TRALAC - Trade Law Centre

Clothing and textile sectors cross swords over AGOA deadline

Monday, 13 January 2003

Source: Business Report

Durban - The clothing and textile industries are at loggerheads over whether the Africa Growth and Opportunity Act (AGOA) September 2004 deadline for least developed countries (LDCs) should be extended.

An extension would allow garment manufacturers to continue using fabric from countries outside sub-Saharan Africa, Walter Simeoni, the president of the South African Textile Federation, said at the weekend.

The issue will be hotly debated at the second annual Agoa meeting in Mauritius this week.

"It will be a tragedy if the US government succumbs to pressure to extend the deadline," Simeoni said. "This would discourage investment from foreign textile manufacturers, undermining US credibility and defeating the whole objective of Agoa."

The US government has not altered its official position on the deadline, but lobbying from LDCs and US businesses with vested interests in the Far East could persuade congress to change its mind.

Gordon Joffe, the chairman of the Clothing Trade Council (Clotrade), said representations from the LDCs, which faced "ghastly consequences" from job losses if foreign garment manufacturers pulled out, would decide which way the dice rolled.

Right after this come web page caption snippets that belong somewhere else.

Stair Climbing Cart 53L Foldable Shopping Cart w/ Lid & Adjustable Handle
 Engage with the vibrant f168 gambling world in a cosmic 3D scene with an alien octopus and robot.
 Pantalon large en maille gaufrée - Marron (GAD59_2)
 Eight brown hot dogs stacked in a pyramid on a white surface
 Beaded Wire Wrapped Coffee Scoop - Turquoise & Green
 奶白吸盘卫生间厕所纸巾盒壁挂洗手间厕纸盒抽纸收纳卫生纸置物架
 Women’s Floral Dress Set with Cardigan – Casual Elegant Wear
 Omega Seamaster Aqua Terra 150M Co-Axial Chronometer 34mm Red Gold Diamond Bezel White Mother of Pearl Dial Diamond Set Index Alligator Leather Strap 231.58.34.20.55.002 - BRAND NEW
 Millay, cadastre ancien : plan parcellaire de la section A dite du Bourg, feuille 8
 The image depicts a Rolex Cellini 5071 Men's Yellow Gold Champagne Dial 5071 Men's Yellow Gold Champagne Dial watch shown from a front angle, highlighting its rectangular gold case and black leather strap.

"Clotrade considers itself a passive spectator, as the US will make a unilateral decision which is unlikely to be influenced by South African textile manufacturers and government representatives," he said

.

Simeoni disagreed. "South Africa and Mauritius have played a major role in the Agoa concept and the US textile industry is also against rolling over the deadline," he said.

Joffe said the local clothing industry faced competition from LDCs in the US as well as in the local market.

"However, we think the region would not be served in the long run by 'cutting off their water' before the local and regional textile capacity is actually in place," he said.

But Simeoni claimed that concerns that retaining the deadline would lead to insufficient textile capacity in sub-Saharan Africa were unfounded.

He admitted that the garment industry could experience some short-term hiccups, but said this would act as a major stimulus to encourage other countries to invest.

But Joffe said the clothing industry was losing out on Agoa's relatively short window period to enter the US market; it had only another year to establish South Africa as a supply country.

He recommended rolling over the deadline in smaller bites of about 18 months to solve the immediate problem of job losses and meeting orders while giving textile investors more time to set up operations.